When African stories come alive - Review of Seven Resilient Women
There is something about walking into a room full of stories you didn’t know you needed.
I first met Tina (Celestina Aleobua) and Ella Chikezie the week before at Kitale Film Week.
The kind of meeting where you exchange ideas as you exchange names, where the conversation just flows because you recognise something familiar in each other’s fire.
So when Seven Resilient Women landed at Unseen Nairobi the following Wednesday, it already felt like showing up for friends.
The evening was intimate. Curated by Tina herself alongside journalist and curator Wanjeri Gakuru, and presented by That Afrikan Productions in partnership with FlyGrade Media and Unseen Nairobi, the screening brought together seven short films that had already premiered in Lagos and Los Angeles.
And honestly? I loved them all.
What I was not expecting was how many emotions would move through that room. Laughter that erupted out of nowhere and rolled across the crowd when something landed exactly right. Gasps. Silence so full you could hear people breathing.
The disbelief and hurt in Ekún Ìyàwó hit the room like a wave. Leaving Ikorodu in 1999 carried a weight that sat with us long after the screen went dark.
There were tears. There was joy. This was not a solemn evening of watching quietly. It was alive.
Leaving Ikorodu in 1999 set the tone beautifully. The Incredible Sensational Fiancée of Sèyí Àjàyí, directed by Abbesi Akhamie, was visually stunning, the colour work was gorgeous, rich and deliberate, and the script was tight and so well crafted. Ekún Ìyàwó: A Tale of a Runaway Bride stayed with me for the rawness of its truth.
Iseda by David Ikani was a cinematographic gift, the kind of film where every frame feels considered and you want to pause and sit inside the image.
These films carried truths that do not always get spoken about, at least not in my circles. Things that happen, things that women carry, that rarely find their way into open conversation.
And I loved that there was space and time for that here. That a room full of strangers could sit together and witness what is usually kept quiet, and feel less alone for it.
Then Being You by Minenhle Luthuli brought sobs and tightened my throat. Its exploration of forgiveness and redemption hit somewhere deep and quiet. The room shifted. You could feel everyone slowly letting go.

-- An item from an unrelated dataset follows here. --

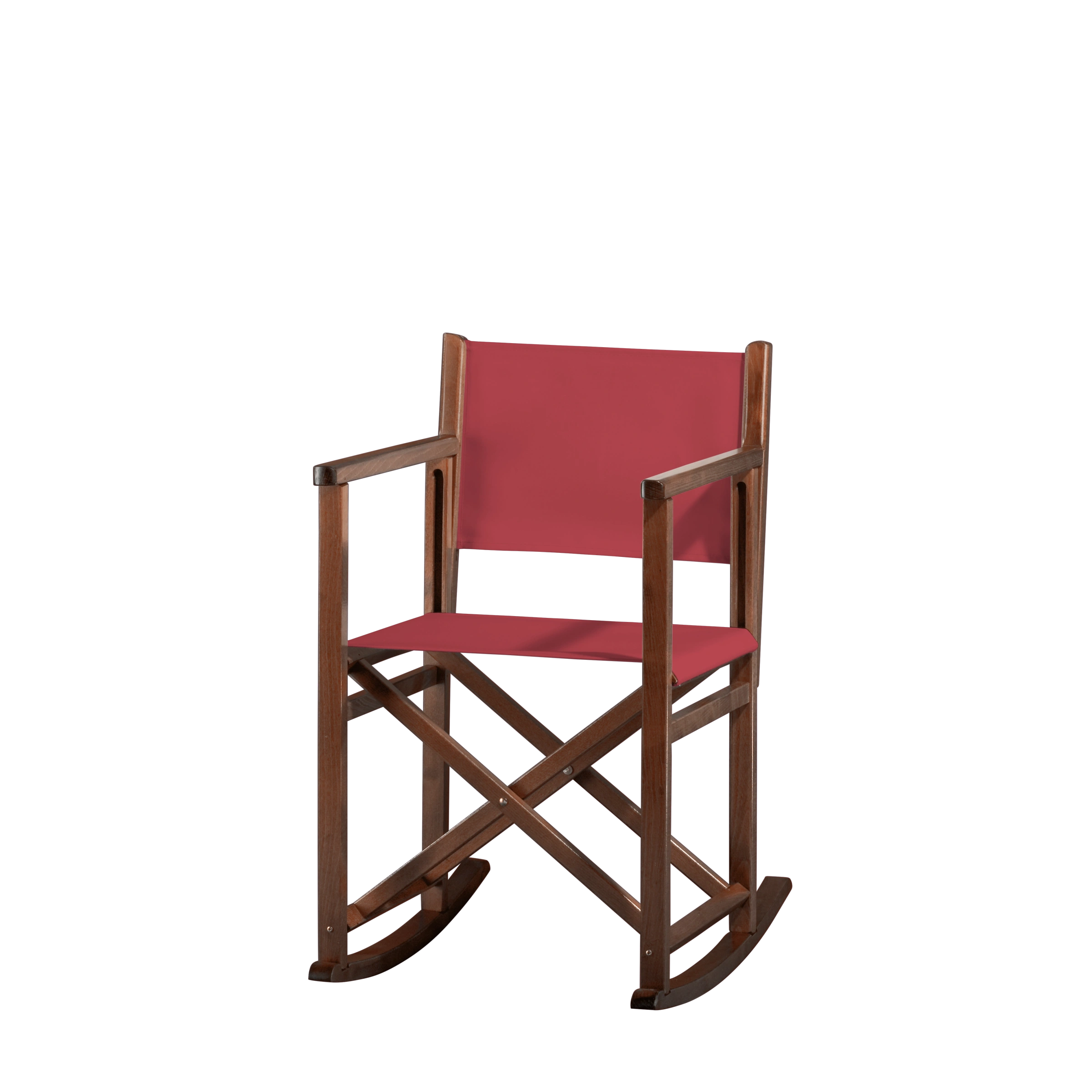 Schaukelstuhl Helmut aus braunem Buchenholz mit rotem Bezug, Seitenansicht
#Swing | Set (Farbe)_rot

Ella’s film, In Her Shoes, was raw and gut wrenching. It gave a face, a name, and a space to African neurodivergent children and their families in a way I have rarely seen on screen.
It did not explain or apologise. It just showed up with the truth, and that honesty made it powerful.
That impact was echoed by Dr Eyman Osman (Art curator and consultant), who described Seven Resilient Women as “a deeply moving and thoughtfully curated experience, bringing together stories of courage, creativity, and quiet determination.
Each narrative is distinct, yet collectively they offer a powerful reflection on contemporary African womanhood.”
She speaks especially to the emotional weight of Ella’s work, noting how profoundly meaningful it is to see the lived realities of neurodivergent children and their families treated not as marginal, but as central, complex, and worthy of deep attention.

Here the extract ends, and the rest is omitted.